A narrativa é composta pelos diários da vítima de um governo fundamentalista religioso que dera um golpe nos Estados Unidos. O estilo não é muito diferente do de outra distopia, o clássico “1984” (1949), de George Orwell. A ficção científica tem diversos tipos de narrativa, e, como se vê, neste momento as distopias parecem ser o mais relevante deles.

 

Mas não só: nos últimos anos, a ficção científica deu grandes passos no caminho de uma expansão que está mudando de modo irrevogável o gênero. O principal foi a inclusão: narrativas escritas por mulheres, LGBTs e negros começaram a ter vez e voz —e a ganhar prêmios, como no caso inédito da série de livros “A Terra Partida”, da autora afro-americana N.K. Jemisin, que faturou o Hugo Award (o maior prêmio de ficção científica mundial) por três anos consecutivos com cada um dos livros da trilogia.

A autora foi traduzida e publicada no Brasil pela editora Morro Branco, que, junto com outras como Record e Aleph, tem trazido autoras importantes para o gênero, como Octavia E. Butler (1947-2006), Naomi Alderman e Emmi Itäranta.

Outro tipo de ficção científica que está fazendo sucesso por aqui é o cyberpunk. Criado nos anos 1980 como parte de um movimento que tinha entre seus membros o americano William Gibson, autor do clássico “Neuromancer”, o gênero hoje é mais uma ficção de aventura que de reflexão —mas sempre em um cenário distópico. 

Gibson, aliás, acaba de ganhar o título de “grand master” da ficção científica norte-americana, concedido pela Science Fiction Writers of America.

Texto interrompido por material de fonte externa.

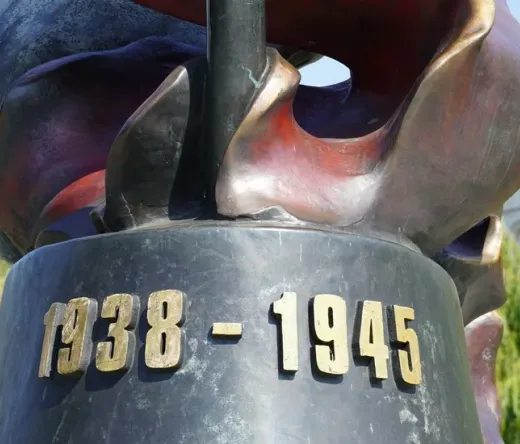 Close-up of a bronze sculpture in Prague, commemorating 1938-1945.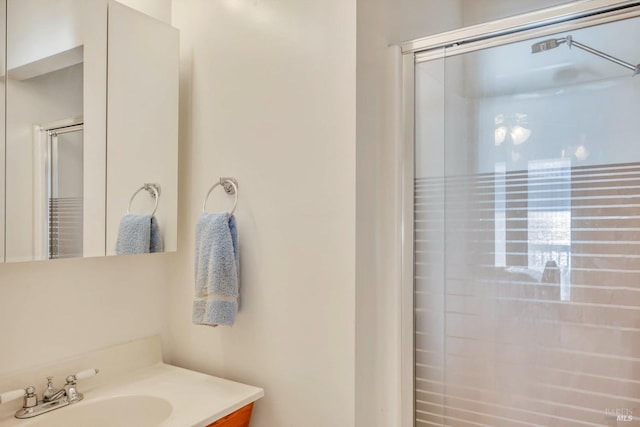 bathroom featuring walk in shower and vanity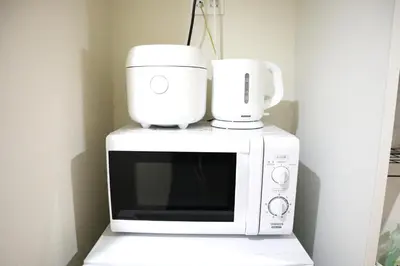 a microwave with two coffee cups on top of it at Shibuya Stay Tokyo A101 in Tokyo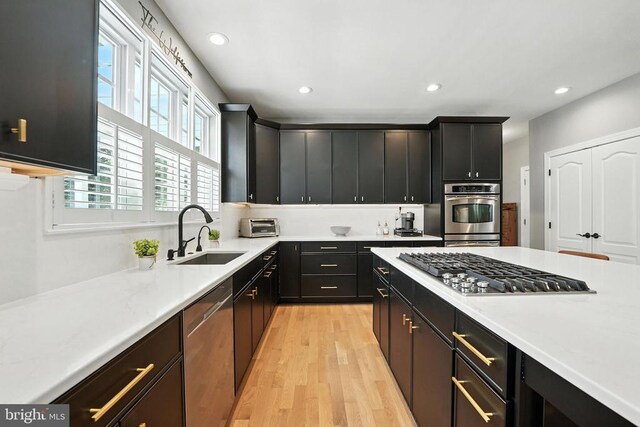 11220 Chivalry Chase Ln, Spotsylvania, VA 22551 - kitchen with stainless steel appliances, light wood-type flooring, recessed lighting, light countertops, and dark cabinetry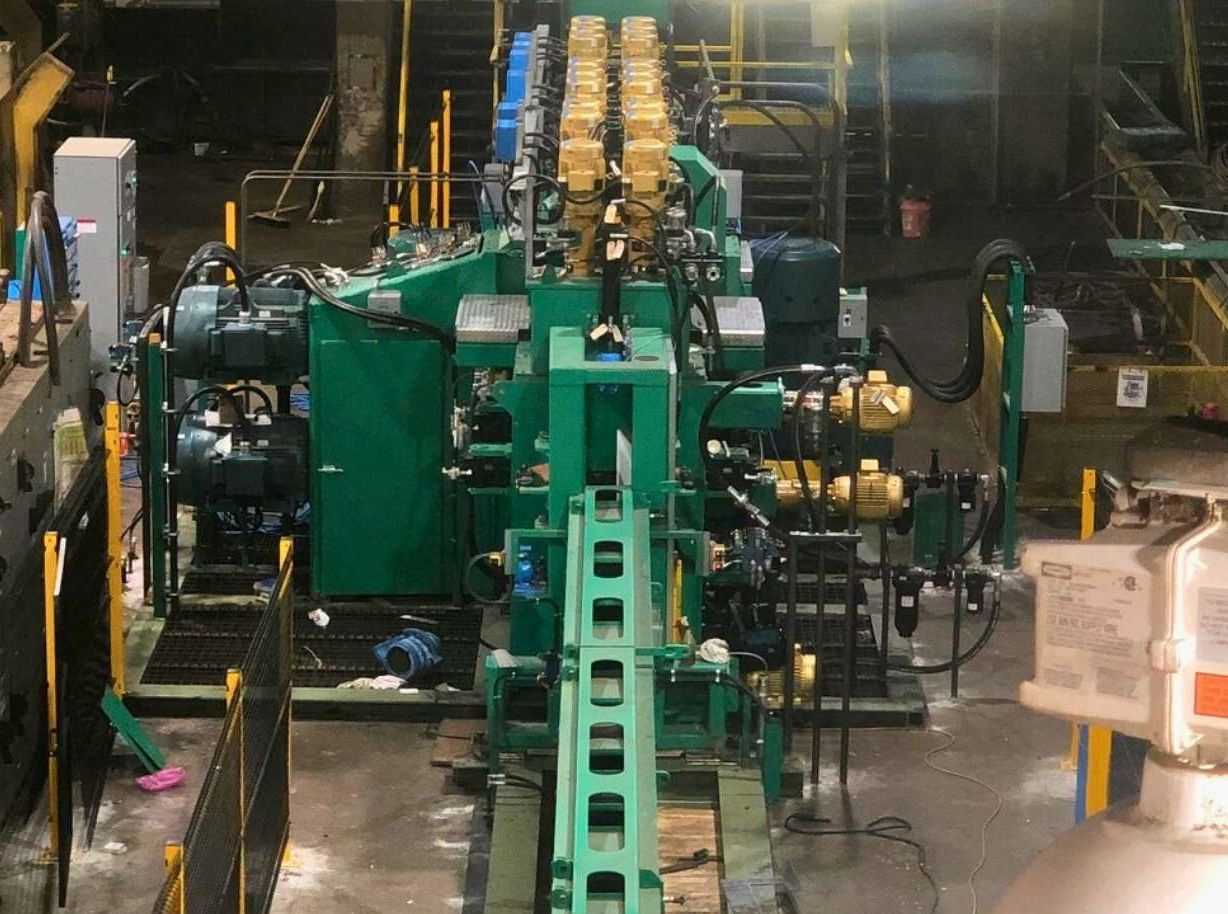 a room filled with lots of red pipes and valves .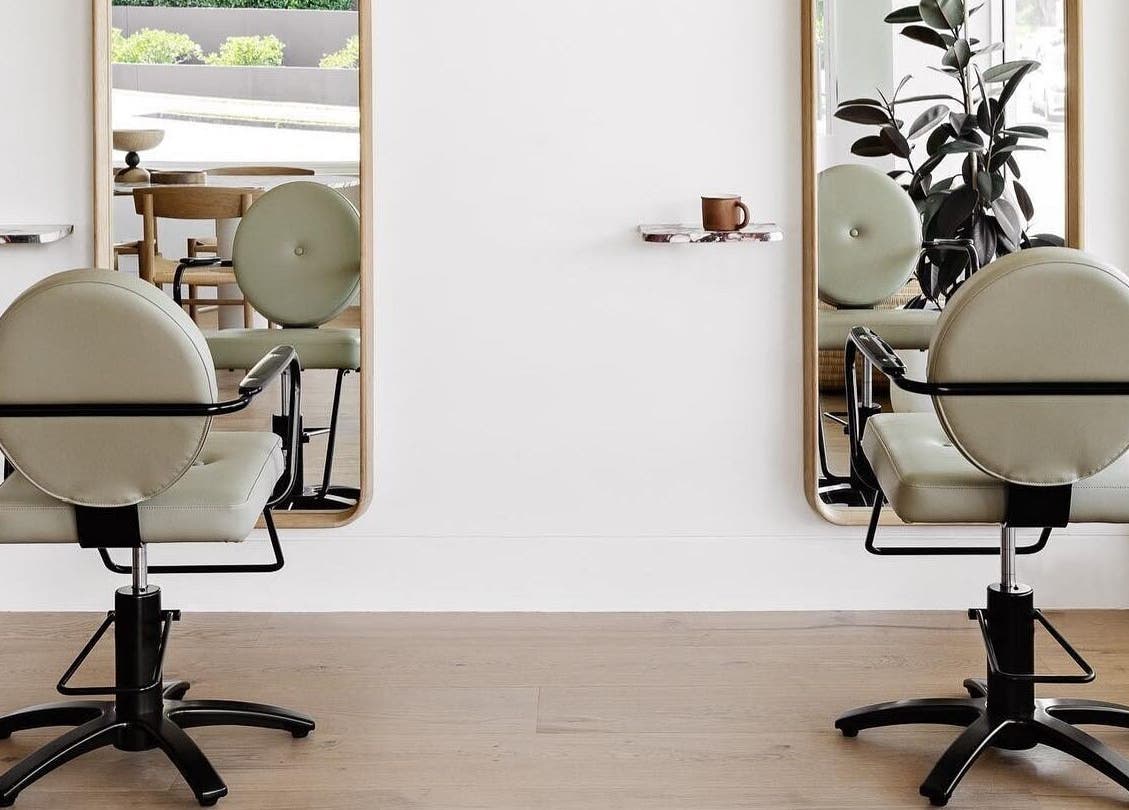 Elegant salon chairs and mirrors at Salon Kaia in Wollongong, NSW, AU create a welcoming beauty experience.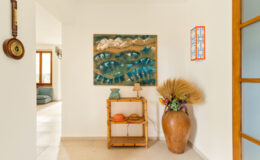Interior view of a bright entryway featuring a colorful wall art piece, a wooden console table with decorative items, and a large ceramic vase with dried plants, creating a welcoming atmosphere. Natural light floods the space through large windows.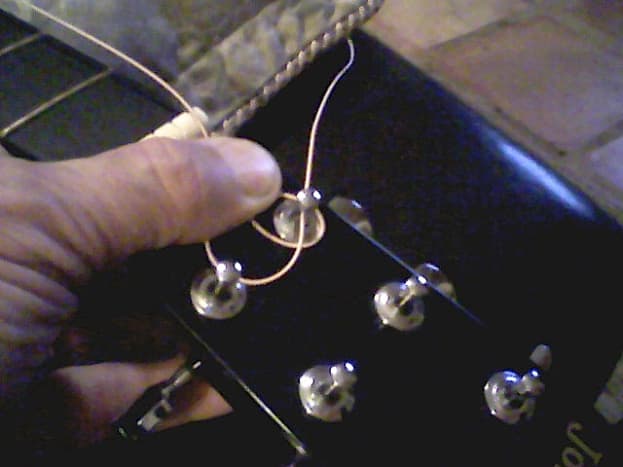 Do one turn around the peg, then insert string through hole.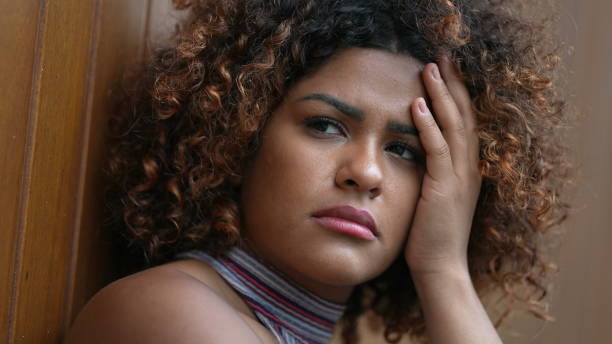 istock Pensive Brazilian woman thinking close-up face 1360344802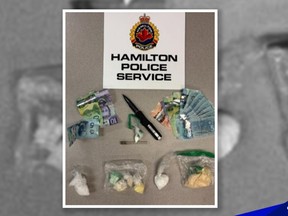 A weapon, drugs and cash seized by Hamilton Police.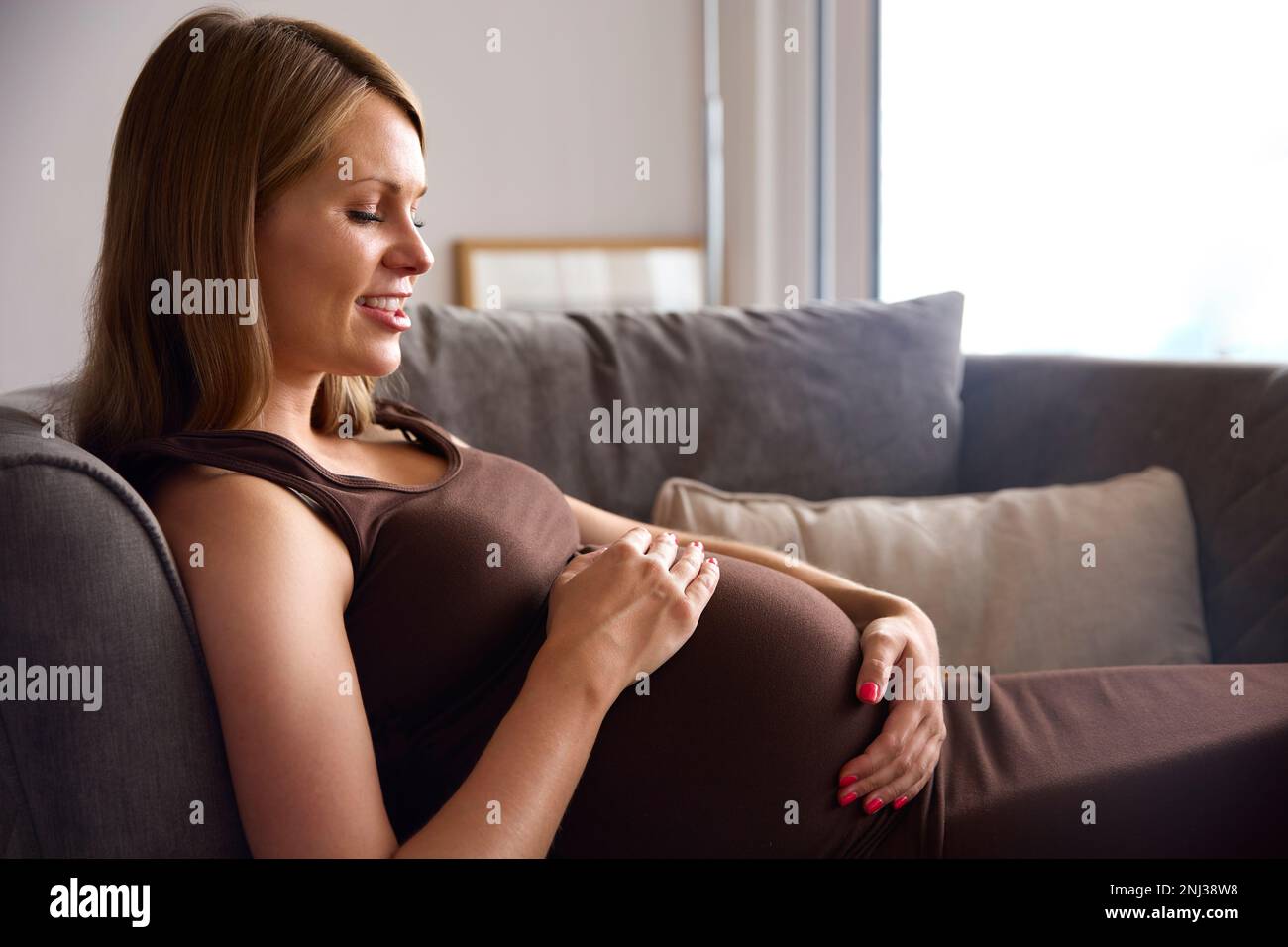 Schwangere Frau, Die Sich Auf Dem Sofa Im Home Holding Bauch Entspannt Stockfoto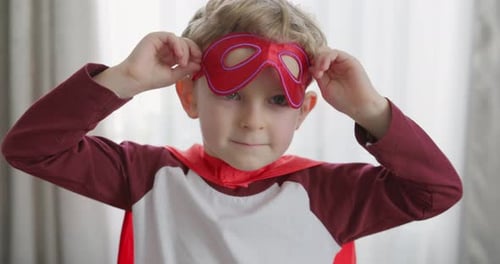 Blonde Haired Child Plays Dress Up with Mask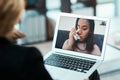 Comfort is just a video call away. Shot of a young woman having a counselling session with a psychologist using a video Royalty Free Stock Photo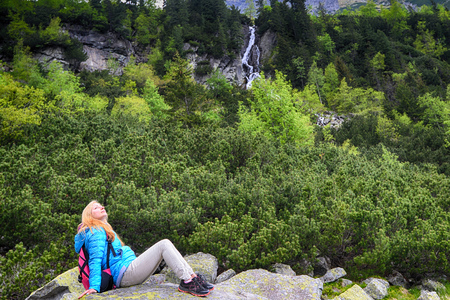 young woman in blue jacket on mountains slopesの写真素材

Honraria mais do que merecida para alguém que, entre outras coisas, legou para a posteridade a criação da palavra “ciberespaço”, que hoje é sinônimo de internet.

No Brasil, temos um número cada vez maior de escritoras e escritores de ficção científica. Muitos dos mais recentes começaram as carreiras usando a plataforma Wattpad, uma rede social para autores em formação. Vários têm usado também o Kindle, ferramenta da Amazon, para publicar no formato digital. 

Entre as pequenas editoras mais conhecidas no mercado, o destaque vai para a Draco, de Erick Santos, que se especializou no gênero e tem no catálogo diversas obras não só de cyberpunk mas também de steampunk e até de um novo subgênero ecológico, o solarpunk. Uma antologia com esse título, organizada por Gerson Lodi-Ribeiro, foi traduzida para o inglês por mim em 2018 e publicada pela World Weaver Press.

Alguns autores interessantes que lançaram novas obras em 2018: Aline Valek, com seu livro “As Águas-Vivas Não Sabem de Si”; Ricardo Labuto Gondim, com “Corrosão”; Eric Novello, com a distopia para jovens adultos “Ninguém Nasce Herói”; e Lu Ain Zaila, com sua coletânea de contos e ensaios afrofuturistas “Sankofia”. O afrofuturismo, aliás, chegou com tudo ao Brasil, pelas mãos de Lu e de Fábio Kabral, autor de “O Caçador Cibernético da Rua 13”.

O ano se encerrou com um livro que é referência na área não só para pesquisadores, mas para qualquer leitor do gênero, seja especialista ou iniciante: “Fractais Tropicais”.

Organizado por Nelson de Oliveira e publicado pela editora do Sesi-SP, o volume reúne três gerações de escritores de ficção científica no Brasil. Essas gerações, classificadas como ondas (termo criado pelo escritor e pesquisador Roberto de Souza Causo), reúnem pioneiros do gênero, como Jerônymo Monteiro e André Carneiro, passando por autores da segunda onda, Octavio Aragão e Lúcio Manfredi, até escritores da terceira fase, Santiago Santos e Cristina Lasaitis.

Em parceria com Oliveira, um dos maiores escritores dentro e fora do gênero, publiquei a noveleta cômica “Oneironautas”, incursão num subgênero mais ligado ao surrealismo, o new weird. Em 2019 um romance meu na mesma linha, com menos humor e mais acidez, sairá pela editora Patuá, de Eduardo Lacerda: “Back in the USSR”.

Não somos os únicos: outras editoras brasileiras, como a Monomito, já anunciam para este ano coleções de livros de ficção científica. Estamos muito bem, obrigado. 


Fábio Fernandes, doutor em comunicação e semiótica pela PUC-SP, é professor do curso de tecnologia e mídias digitais da instituição.

Erramos: o texto foi alterado

Diferentemente do informado na legenda da galeria, a escritora  Margaret Atwood é canadense, e não norte-americana. O texto foi alterado.